There is no speculative building in Israel, the prices of rent are not unrelated to the price of the apartments and it is just as hard to purchase an apartment in 2013 as it used to be. The former deputy governor of the Bank of Israel proves that the prices of apartments are based on a solid economic foundation.
The matter of housing is still in the top headlines, and with reason. When people in their late twenties and even in their early thirties are living with their parents, there is a problem. However, there is a problem with the problem: the problem of identifying the nature of the first problem. We will deal with both of them here, and also discuss somewhat the connection between all this and the Bank of Israel.
What is a bubble?
Identifying the first problem can be summarized by asking the question if this is about a real excess in demand for housing or a real estate bubble.
What is a bubble? A bubble develops when people buy apartments with a speculative motive – with a hope that the prices of apartments will rise and then they will get a significant return on their investment. The expected rise in prices needs to be significant, since many of the buyers take out a mortgage in order to finance the purchase. The rise in prices (in conjunction with rent, which is not a given – since a bubble means that you won’t necessarily find a tenant) needs to cover the cost of the mortgage and a return that is more than you would expect to make in the securities market.
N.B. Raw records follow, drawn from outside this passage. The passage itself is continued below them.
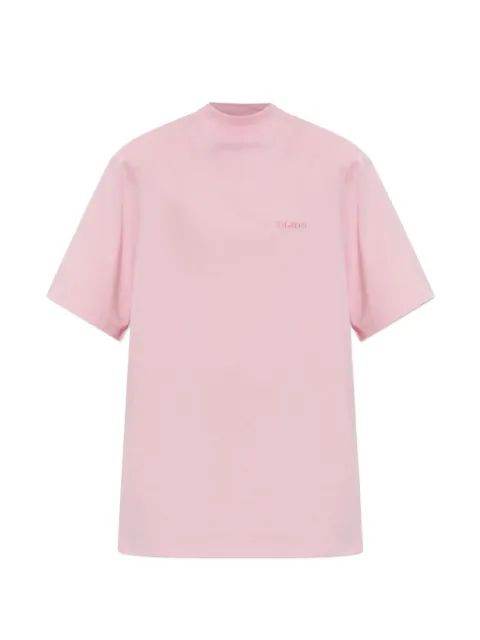 The Attico padded-shoulder T-shirt Pink 261WCT00360JJJ025AA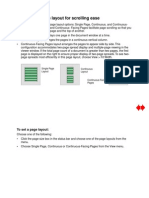 Choosing A Page Layout For Scrolling Ease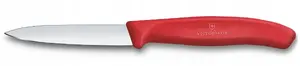 Kitchen knife Victorinox Swiss Classic 8 cm vegetable knife, red handle, model 6.7601.C1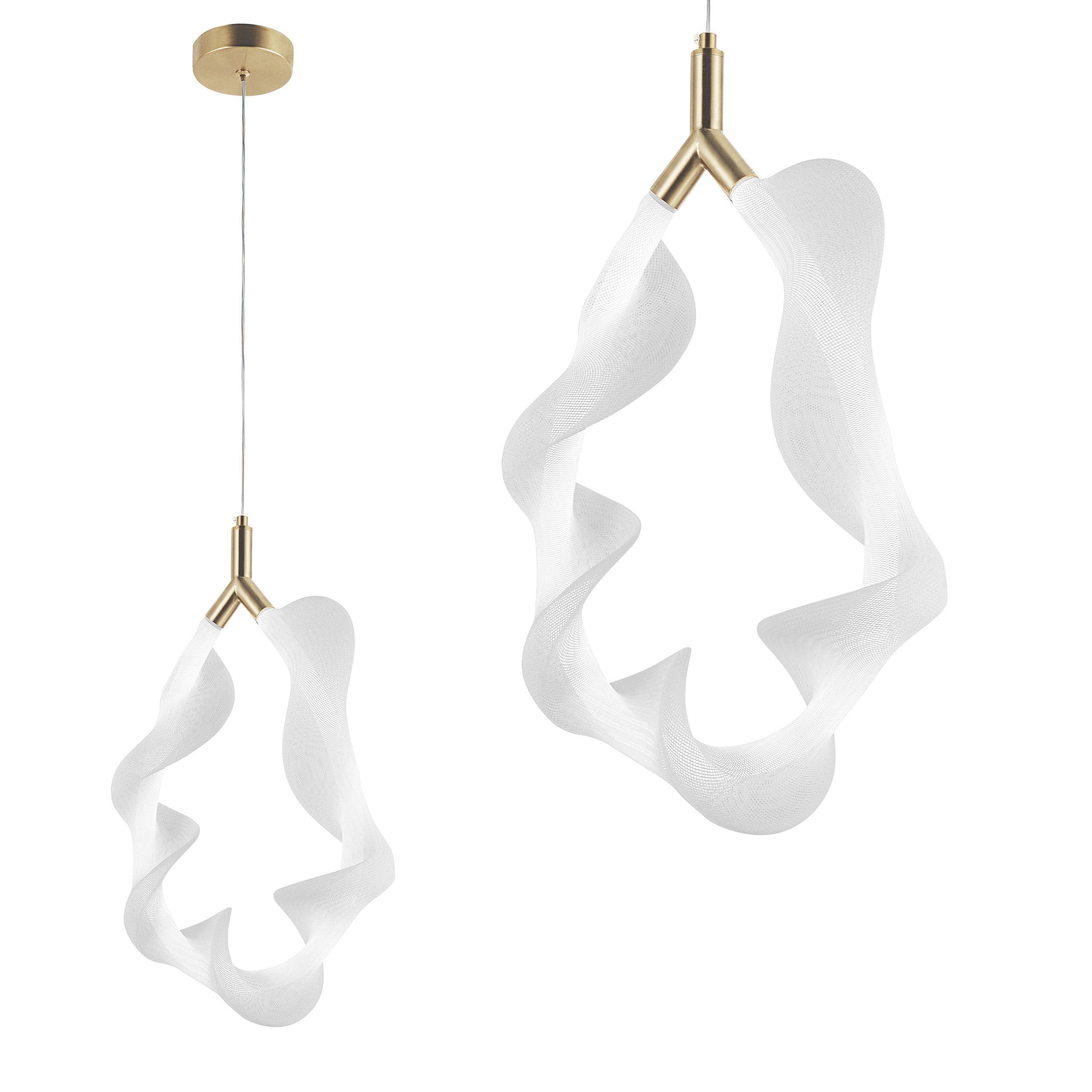 TOOLIGHT riippuva kattovalaisin LED G013-1CP valkokulta, 40x23x40cm – Toolight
If you look just at the rise in apartment prices in the last four or five years, you can understand why many people hypothesize that this is a bubble. Since the first quarter of 2008 until the second quarter of 2013 the average price of an apartment rose by 59%; even the actual price, in other words the price deducted from the consumer price index, rose by 37%. We are therefore talking about an actual yearly return in the amount of 5.9% just from the rise in housing prices without taking into account rent. That is definitely a pretty return on an investment.
Is it possible that a return like this could be derived from a real demand for housing, and not – at least partially – from speculation? The answer, which may surprise some of the readers, is positive.
How do we know this? Well, in Israel, as opposed to the United States, the test is simply relative, since the vast majority of construction is apartment buildings. It is entirely possible that in the United States a contractor will take a gamble and build a few single family homes without knowing ahead of time if he will have buyers. However, in Israel it is a far fetched idea that a contractor would build a building with, say, 15 apartments, without some of them having guaranteed buyers. And even if it happens here and there, it definitely doesn’t happen in a magnitude that could affect the supply of apartments. For this reason, it is not feasible that the supply of apartments will increase so significantly without there being a real demand, for housing needs or speculation needs.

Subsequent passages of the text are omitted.